2nd Test: India stare at series defeat after Murali Vijay, KL Rahul, Virat Kohli gone
Debutant pacer Lungi Ngidi dismisses Virat Kohli and KL Rahul, while Rabada sends back Murali Vijay as India stare at series defeat after being reduced to 35-3, chasing 287 to win
South Africa's Lungi Ngidi (left) celebrates after dismissing Indian opener KL Rahul on Day Four of the second Test yesterday. Pic: AP/PTI
All roads may lead to Rome, but all paths at SuperSport Park seemed to lead straight back to the Indian dressing room on a fourth day's play that might have been India's but ended with South Africa in near complete control of the second Test. Chasing 287 for victory, India's top order was cut to ribbons. Murali Vijay was the first to go, a pacy ball from Kagiso Rabada keeping low and crashing into the stumps via the bottom inside edge of the bat. The ball keeping low, when it is delivered from such a high point, at pace, is next to unplayable when it is on the stumps, but the next two wickets that fell had nothing to do with a surface that Morne Morkel had called "100 per cent India."

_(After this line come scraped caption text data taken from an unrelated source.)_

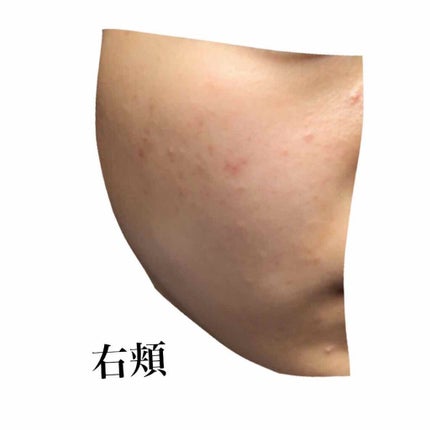 のん on LIPS 「汚肌を晒してごめんなさい🙇♀️🙇♀️中学校3年生後半から大..」(4枚目)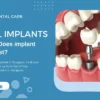 Cost Of Dental Implants In Gurgaon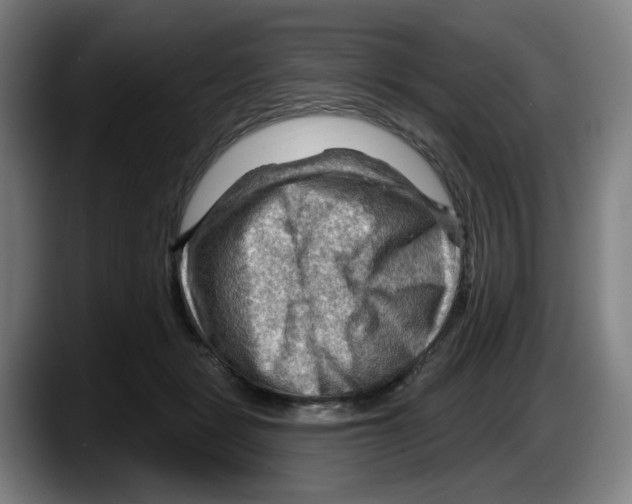 X0000087590461200705251905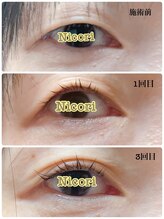 ニコリ(Nicori)/アイリッドアップパーマ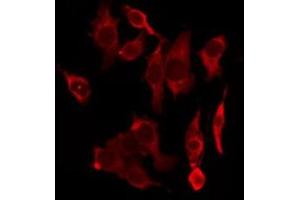 ABIN6277418 staining HeLa by IF/ICC. (P2RY4 抗体  (C-Term))
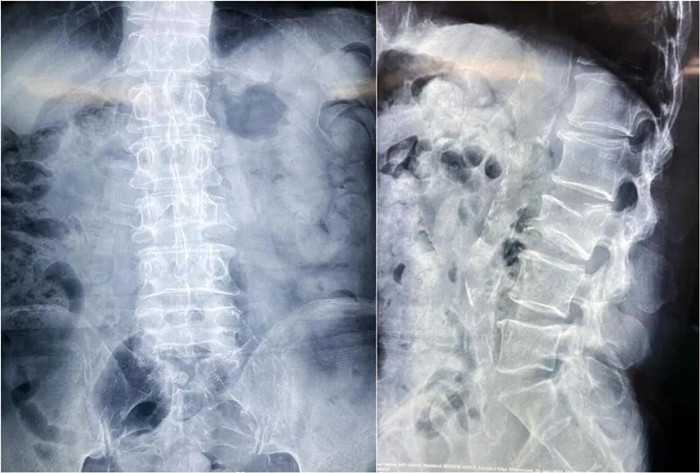 大平板C臂機-術前影像 大平板C臂機-術前影像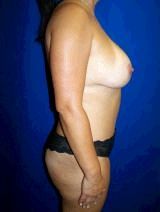 Breast Augmentation and Abdominoplasty
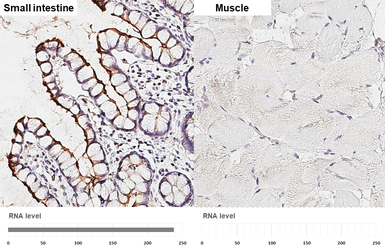 Anti-ACE2 antibody [GT19410] used in IHC (Paraffin sections) (IHC-P). GTX635897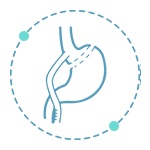 Roux-En-Y Gastrik Bypass Ameliyatı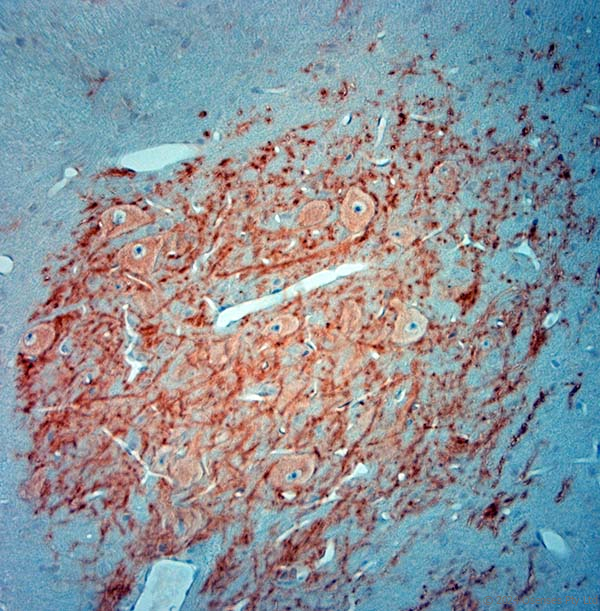 Guinea pig antibody to MAP2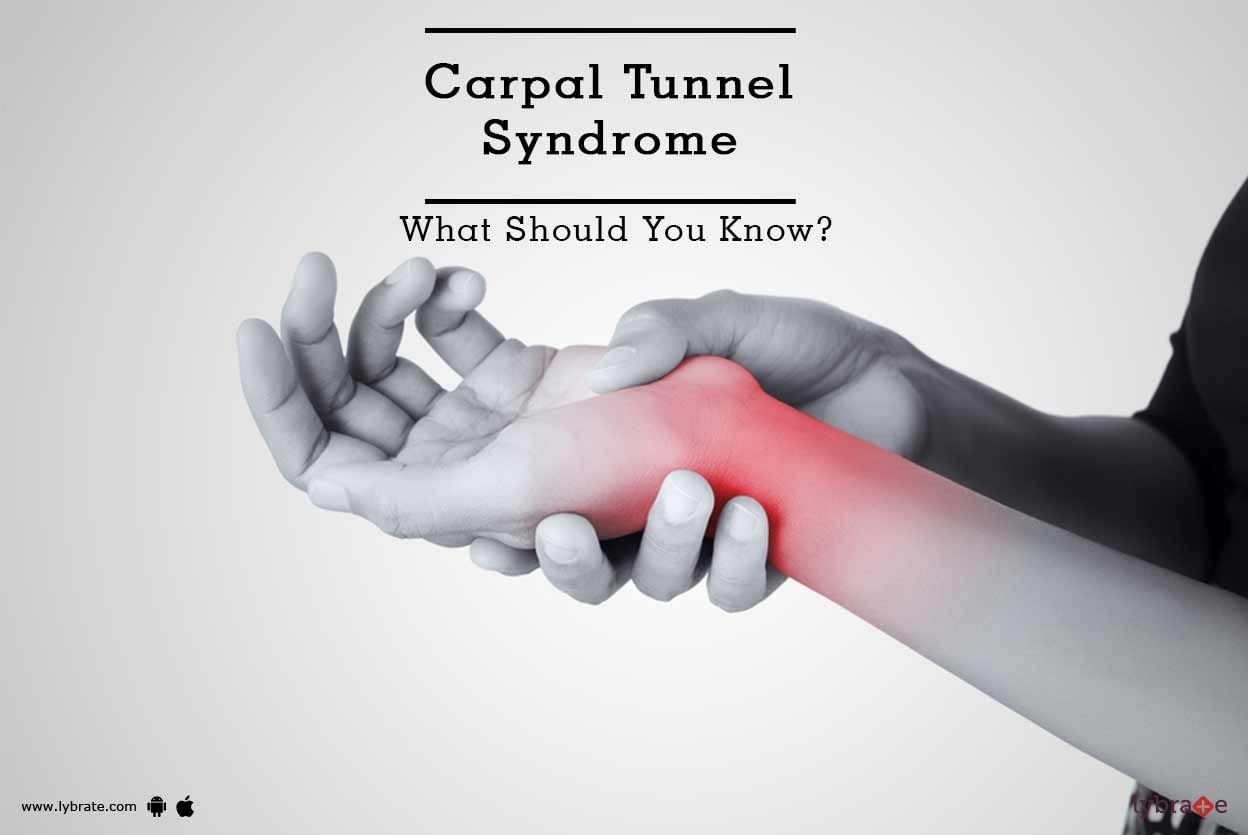 Carpal Tunnel Syndrome - What Should You Know?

KL Rahul, choked for runs, sensed an opportunity when Lungi Ngidi served up a little width outside the off stump, but with opportunity comes great risk. Rahul went for a back-foot punch with a horizontal bat and the shot was not on, the ball spearing straight to Keshav Maharaj at point.
If Rahul was the appetiser for Ngidi, the main course was not far away. Virat Kohli, who had been squared up to pick up a streaky boundary to third-man off the outside edge, was nailed in front of the stumps by a skidding rocket that came in considerably. The movement and pace beat the broad blade of the Indian captain, and an optimistic review, almost made in prayer, ended in three reds on the giant screen. At 26 for three, India's chase was all but dead in the water, and the management's decision to hold back Rohit Sharma, playing once more at Ajinkya Rahane's expense, was hardly a vote of confidence in the ability of the remaining batsmen to chase down this target.
Parthiv Patel, copping a few blows, managed to hang on till the end of play, in the company of Cheteshwar Pujara, as India reached 35 for three. Earlier in the day, South Africa managed to swell their lead to 286, thanks to Faf du Plessis, who could not attack the bowling, but hung in there long enough to make 48 from 141 balls. AB de Villiers had set the tone as only he can, going from an overnight 50 to 80, and Vernon Philander made an invaluable contribution, scoring 26 at No. 7 and allowing a partnership with the captain to be protected.
On the final day, India have a potential 98 overs to score the 252 runs needed for victory. South Africa need seven balls on the stumps to keep low.